Dataset excerpts -
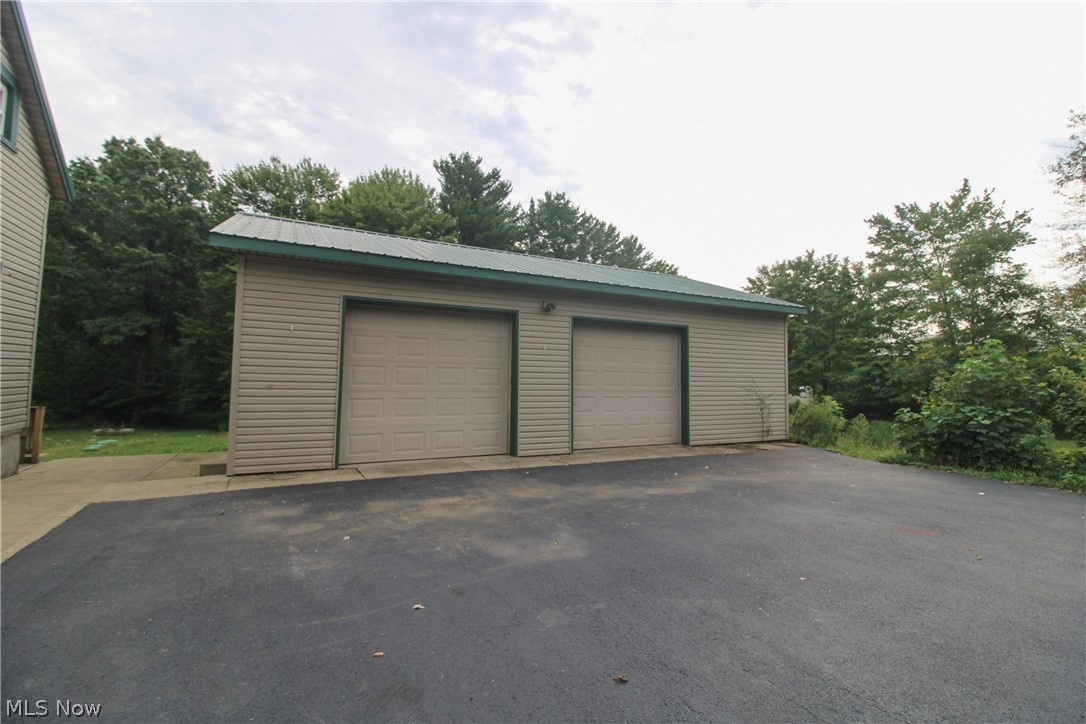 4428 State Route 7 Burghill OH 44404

==

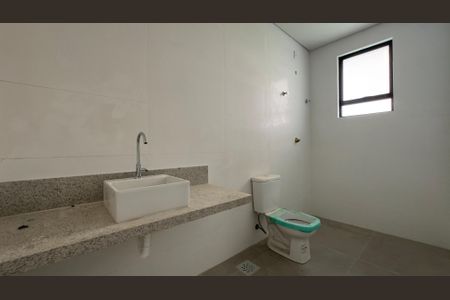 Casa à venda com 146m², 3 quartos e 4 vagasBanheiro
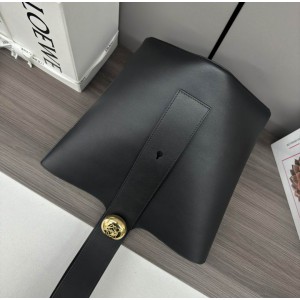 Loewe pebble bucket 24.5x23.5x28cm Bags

Work request - Above are entries with pictures among them. Write out exactly the lines from the one containing "Casa à venda" through the one containing "Loewe pebble bucket 24.5x23.5x28cm Bags", ends included, and leave those pictures out.

Written answer -
 Casa à venda com 146m², 3 quartos e 4 vagasBanheiro
 Loewe pebble bucket 24.5x23.5x28cm Bags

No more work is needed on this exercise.